結論 本件審判の請求は、成り立たない。 
理由 【1】本願発明
本願は、昭和63年11月29日の出願であって、その発明を特定するために必要な事項は、当審における平成11年10月14日付の拒絶理由通知に基づき平成11年12月28日付手続補正書により補正された全文補正明細書及び図面の記載からみて、その特許請求の範囲の請求項1乃至11に記載された「電力変換装置」にあるものと認められるところ、当該請求項1に記載された発明(以下、「本願発明」という。)は、次のとおりのものである。
「(1)「直流電圧を供給する直流電源手段」と、
「その主電流の飽和特性を利用できる第1の可制御スイッチング手段」と、
「前記直流電源手段の両出力端子間に前記第1の可制御スイッチング手段と共に直列接続されるインダクタンス手段」と、
「前記第1の可制御スイッチング手段にオン信号を供給するオン信号供給手段」と、
「どの主アームの構成要素としても使われることなく、前記第1の可制御スイッチング手段の両主端子間電圧を検出し、その大きさが電圧所定値より大きい限り、前記オン信号の供給を妨げて前記第1の可制御スイッチング手段をオフ制御する電圧検出手段」、
を有することを特徴とする電力変換回路。」
【2】引用刊行物
(1) これに対して、当審における前記拒絶の理由に引用された実公昭53-27285号公報(以下、「引用例1」という。)には、「DC-DCコンバータ」に係る発明が開示され、その実施例と共に図面の第2図乃至第3図を参酌すると、以下の記載が認められる。

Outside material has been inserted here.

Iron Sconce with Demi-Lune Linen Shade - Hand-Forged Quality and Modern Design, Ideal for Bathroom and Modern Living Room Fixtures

「発振トランジスタに始動電流を供給するとともに発振開始後は上記発振トランジスタのベース電流を制御することにより上記発振トランジスタのコレクタ電流の飽和点を制御する始動用トランジスタを備えたDC-DCコンバータにおいて、上記発振用トランジスタのコレクタあるいはコレクタ巻線と上記始動用トランジスタのベースとの間にダイオードを接続してなるDC-DCコンバータ。」(第1頁左欄「実用新案登録請求の範囲」)

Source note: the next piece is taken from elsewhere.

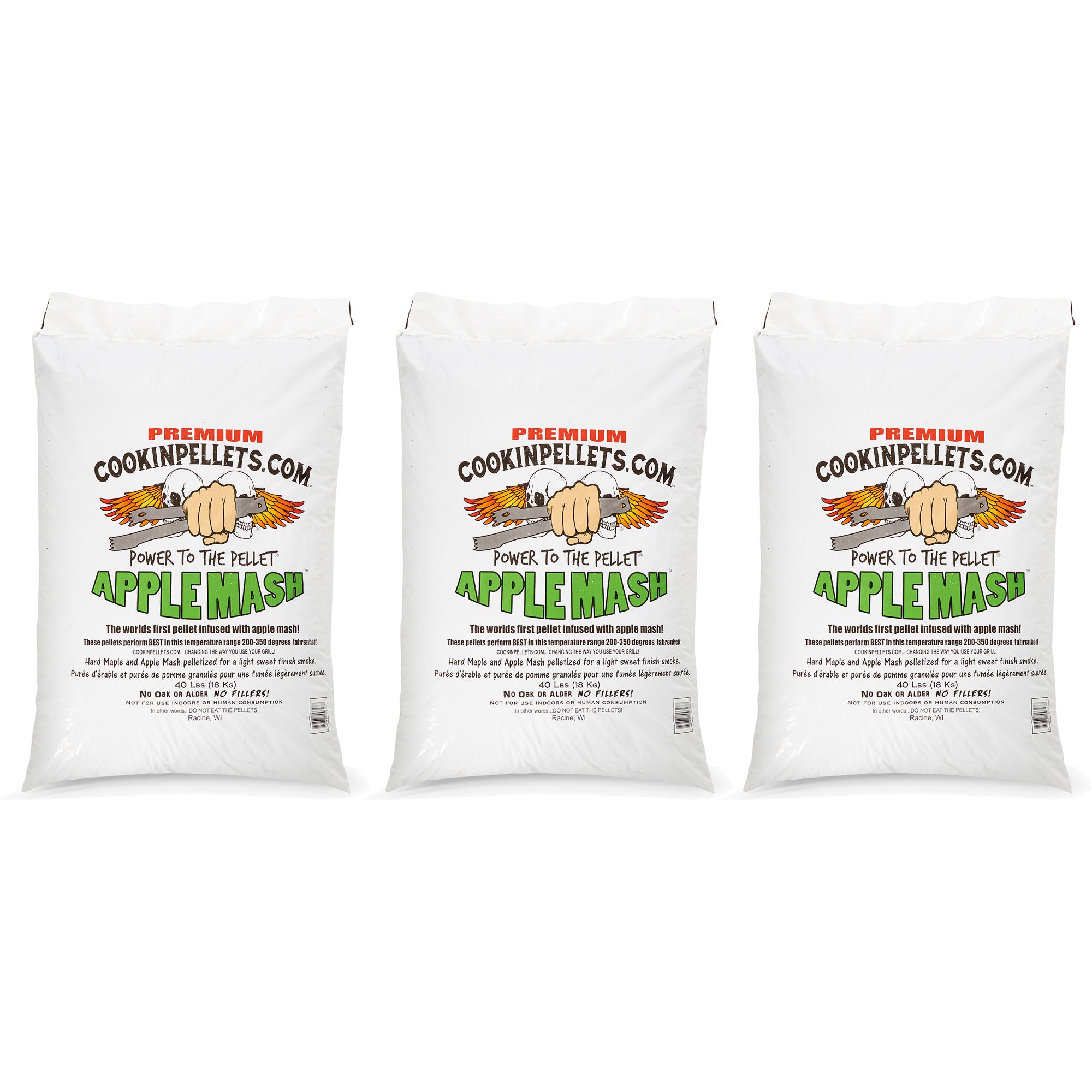 CookinPellets 40 Pound Bag Apple Mash Hard Maple Smoker Wood Pellets, (3 Pack) - VMInnovations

「以下第2図の一実施例により説明する。この図において1,4〜12,14はそれぞれ第1図の1,4〜12,14と同様であるので説明は省略する。20はコレクタ巻線12と出力巻線14とからなるトランス、21はダイオード、23はコンデンサである。
この場合トランジスタ8のベース電流、コレクタ電流、続いてトランジスタ1のベース電流と流れて発振が開始する。

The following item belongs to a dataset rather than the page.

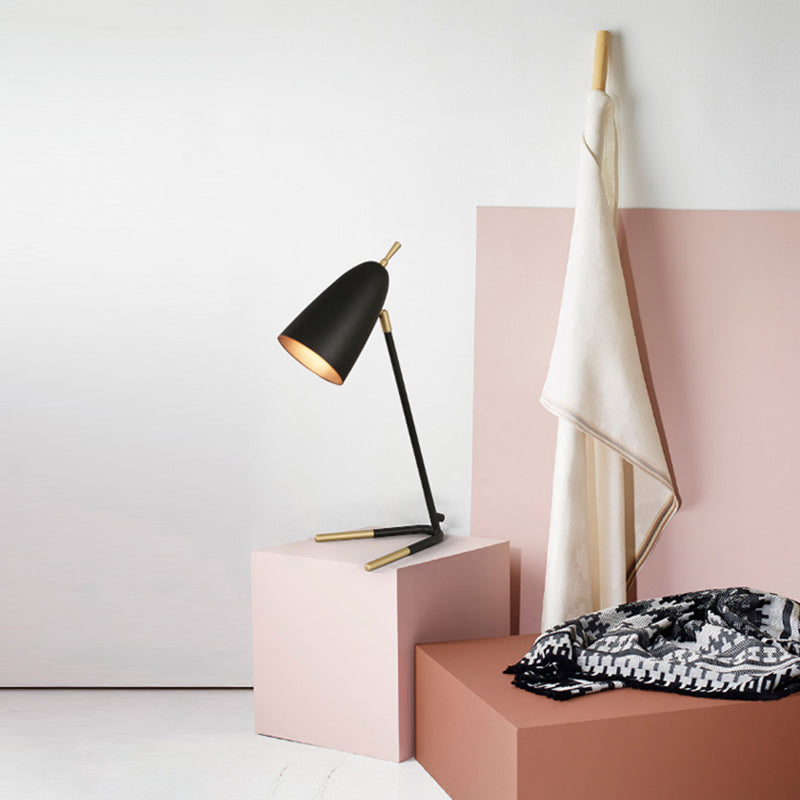 Modern Style Cone Night Table Lamp Metal 1 Light Nightstand Lamp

トランジスタ1のコレクタ電流が飽和した時点でコレクタ巻線12に誘起していた電圧が落ちだし、そして逆転する。以上はリンギング発振の基本動作であるがコレクタ巻線12の中間に適当な巻線でタップをだし、ダイオード21を通しトランジスタ8のベースに接続することによりコレクタ巻線12の電圧が逆転した時にダイオード21が導通しトランジスタ8のベースが引き上げられトランジスタ8はOFFする。
トランジスタ8がOFFすればトランジスタ1も当然OFFし、ダイオード4および10がONしてえ出力コンデンサ5および11を充電する。充電が終り、ダイオード4および10がOFFし、コレクタ巻線12の電圧が逆転すると、ダイオード21がカットオフになることからトランジスタ1はまたONする。ただ以上の構成だけであると、トランジスタ1のON-OFFの切れが悪く効率が若干悪いが、コンデンサ23によって過渡的に、出力巻線14(コレクタ巻線12と極性逆)より帰還をかけることによりトランジスタ1のON-OFFの切れは改善でき、このコンデンサ23により効率は第1図の従来のもの差がない。
なおダイオード21の接続はコレクタ巻線12の中間タップでなくとも第3図のようにトランジスタ1のコレクタでも良い。」(第1頁右欄第13行〜第2頁左欄第9行)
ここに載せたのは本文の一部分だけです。